Egypt Reaches $3 Billion IMF Agreement After Devaluing Currency
ByMirette Magdy, Tarek El-Tablawy, and Abdel Latif Wahba+Follow
4-6 minutes
Egypt agreed on a $3 billion loan with the International Monetary Fund after sharply devaluing its currency as it seeks to shore up an economy battered by the fallout from Russia’s invasion of Ukraine.
The North African nation, which has faced soaring import bills and an exodus of foreign money due in part to the conflict, will also receive $5 billion from international partners to help finance the country’s external funding gap, Egyptian officials told a news conference on Thursday. A further $1 billion from a newly created sustainability fund is also on the table, according to the IMF.
In what could signal a longer-term shift in its currency policy, the central bank said earlier it was adopting a more flexible exchange-rate regime. It also raised official borrowing costs by 200 basis points at an unscheduled meeting.
The flexible exchange-rate policy leaves the forces of supply and demand to determine the value of the Egyptian pound against other currencies, the central bank said in a statement. The pound fell at least 15%, surpassing the magnitude of its devaluation on March 21.

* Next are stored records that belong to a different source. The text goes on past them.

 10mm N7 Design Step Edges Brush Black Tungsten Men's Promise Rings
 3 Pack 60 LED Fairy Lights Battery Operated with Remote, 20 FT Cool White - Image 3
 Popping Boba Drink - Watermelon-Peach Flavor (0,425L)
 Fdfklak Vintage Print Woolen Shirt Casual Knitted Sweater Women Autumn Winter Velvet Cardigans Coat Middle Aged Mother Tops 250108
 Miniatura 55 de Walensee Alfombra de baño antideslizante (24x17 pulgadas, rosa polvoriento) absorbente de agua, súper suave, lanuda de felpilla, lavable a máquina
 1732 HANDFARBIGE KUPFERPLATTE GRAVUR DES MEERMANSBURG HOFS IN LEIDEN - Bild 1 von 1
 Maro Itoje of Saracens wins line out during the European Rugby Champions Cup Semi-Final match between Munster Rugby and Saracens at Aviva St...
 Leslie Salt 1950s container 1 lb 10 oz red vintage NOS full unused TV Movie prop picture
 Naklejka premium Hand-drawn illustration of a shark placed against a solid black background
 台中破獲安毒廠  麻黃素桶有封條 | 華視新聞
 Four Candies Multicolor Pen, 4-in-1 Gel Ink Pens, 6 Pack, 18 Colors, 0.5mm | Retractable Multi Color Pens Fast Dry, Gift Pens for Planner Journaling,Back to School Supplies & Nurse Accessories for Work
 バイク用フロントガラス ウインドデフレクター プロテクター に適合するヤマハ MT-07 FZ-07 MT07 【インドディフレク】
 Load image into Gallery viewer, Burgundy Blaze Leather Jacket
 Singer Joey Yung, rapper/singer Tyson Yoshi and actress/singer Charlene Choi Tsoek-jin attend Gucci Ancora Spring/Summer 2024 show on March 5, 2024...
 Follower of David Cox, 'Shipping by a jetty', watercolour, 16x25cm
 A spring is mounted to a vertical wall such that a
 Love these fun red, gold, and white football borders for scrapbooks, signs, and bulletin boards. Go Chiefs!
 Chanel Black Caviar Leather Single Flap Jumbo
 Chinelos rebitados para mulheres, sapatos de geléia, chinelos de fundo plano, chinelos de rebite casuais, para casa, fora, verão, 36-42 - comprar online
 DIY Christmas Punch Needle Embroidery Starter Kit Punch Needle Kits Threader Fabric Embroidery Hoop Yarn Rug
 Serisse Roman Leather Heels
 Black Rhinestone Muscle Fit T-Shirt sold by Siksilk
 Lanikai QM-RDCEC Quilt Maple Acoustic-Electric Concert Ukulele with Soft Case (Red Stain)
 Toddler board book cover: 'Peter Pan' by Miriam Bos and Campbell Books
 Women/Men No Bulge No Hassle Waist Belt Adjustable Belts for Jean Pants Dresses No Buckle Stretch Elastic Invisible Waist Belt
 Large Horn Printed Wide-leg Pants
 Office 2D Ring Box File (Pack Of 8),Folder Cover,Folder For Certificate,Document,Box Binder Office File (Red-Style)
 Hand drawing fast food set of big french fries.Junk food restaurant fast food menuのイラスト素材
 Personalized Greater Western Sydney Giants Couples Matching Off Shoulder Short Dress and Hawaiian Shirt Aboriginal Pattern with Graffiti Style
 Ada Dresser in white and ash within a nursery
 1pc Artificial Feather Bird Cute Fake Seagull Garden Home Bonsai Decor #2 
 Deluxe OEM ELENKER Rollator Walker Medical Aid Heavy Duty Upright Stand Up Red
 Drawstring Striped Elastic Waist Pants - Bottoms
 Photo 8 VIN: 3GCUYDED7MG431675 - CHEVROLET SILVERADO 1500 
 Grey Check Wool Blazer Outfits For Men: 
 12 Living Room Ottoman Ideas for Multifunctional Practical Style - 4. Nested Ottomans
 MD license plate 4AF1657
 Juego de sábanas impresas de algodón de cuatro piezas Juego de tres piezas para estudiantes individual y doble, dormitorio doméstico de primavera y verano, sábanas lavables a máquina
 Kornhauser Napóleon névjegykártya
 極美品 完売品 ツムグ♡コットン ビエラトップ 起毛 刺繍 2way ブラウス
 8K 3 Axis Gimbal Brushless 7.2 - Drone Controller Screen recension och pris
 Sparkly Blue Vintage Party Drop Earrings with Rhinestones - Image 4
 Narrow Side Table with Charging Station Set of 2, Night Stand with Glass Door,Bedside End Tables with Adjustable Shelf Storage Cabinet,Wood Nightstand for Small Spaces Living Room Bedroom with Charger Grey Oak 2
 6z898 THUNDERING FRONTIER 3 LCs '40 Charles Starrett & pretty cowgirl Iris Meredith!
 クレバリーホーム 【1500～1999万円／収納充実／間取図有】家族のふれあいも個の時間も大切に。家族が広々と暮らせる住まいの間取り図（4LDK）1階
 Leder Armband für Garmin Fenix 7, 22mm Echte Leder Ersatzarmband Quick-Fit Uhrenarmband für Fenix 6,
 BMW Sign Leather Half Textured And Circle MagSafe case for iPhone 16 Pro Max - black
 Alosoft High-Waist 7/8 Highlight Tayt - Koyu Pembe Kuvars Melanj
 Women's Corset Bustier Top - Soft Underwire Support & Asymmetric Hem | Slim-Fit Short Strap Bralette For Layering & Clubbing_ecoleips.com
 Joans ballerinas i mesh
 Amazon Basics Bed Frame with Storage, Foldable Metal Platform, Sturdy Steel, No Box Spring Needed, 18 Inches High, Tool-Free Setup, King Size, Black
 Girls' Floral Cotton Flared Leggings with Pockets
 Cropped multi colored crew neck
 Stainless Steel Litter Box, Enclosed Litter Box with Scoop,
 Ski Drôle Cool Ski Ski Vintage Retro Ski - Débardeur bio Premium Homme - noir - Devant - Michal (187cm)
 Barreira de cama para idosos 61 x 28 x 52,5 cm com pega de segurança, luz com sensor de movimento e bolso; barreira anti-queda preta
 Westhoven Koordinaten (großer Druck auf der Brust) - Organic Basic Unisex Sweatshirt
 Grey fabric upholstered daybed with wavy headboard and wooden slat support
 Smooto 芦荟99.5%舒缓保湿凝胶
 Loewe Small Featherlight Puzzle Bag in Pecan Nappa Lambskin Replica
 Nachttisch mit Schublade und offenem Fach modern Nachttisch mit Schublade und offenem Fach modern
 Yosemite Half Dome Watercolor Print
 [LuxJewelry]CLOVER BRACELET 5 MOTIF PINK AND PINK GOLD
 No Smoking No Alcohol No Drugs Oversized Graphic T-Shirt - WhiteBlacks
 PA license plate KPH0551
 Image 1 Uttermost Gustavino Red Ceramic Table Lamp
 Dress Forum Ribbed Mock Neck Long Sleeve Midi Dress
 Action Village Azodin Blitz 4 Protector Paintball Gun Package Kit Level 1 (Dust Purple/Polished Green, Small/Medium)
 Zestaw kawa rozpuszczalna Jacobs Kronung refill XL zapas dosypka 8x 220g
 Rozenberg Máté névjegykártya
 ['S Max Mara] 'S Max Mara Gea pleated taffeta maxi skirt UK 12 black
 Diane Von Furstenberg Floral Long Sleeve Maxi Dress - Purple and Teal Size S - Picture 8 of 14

The “move to a flexible exchange rate regime is a significant and welcome step to unwind external imbalances, boost Egypt’s competitiveness, and attract foreign direct investment,” the IMF said in a statement announcing the 46-month Extended Fund Facility.
Gulf Arab allies have pumped billions of dollars of support into Egypt’s economy, over concern about the stability of the Arab world’s most populous nation.
‘Cornerstone Policy’
“The commitment to durable exchange rate flexibility going forward will be a cornerstone policy for rebuilding and safeguarding Egypt’s external resilience over the long term,” the Washington-based lender added.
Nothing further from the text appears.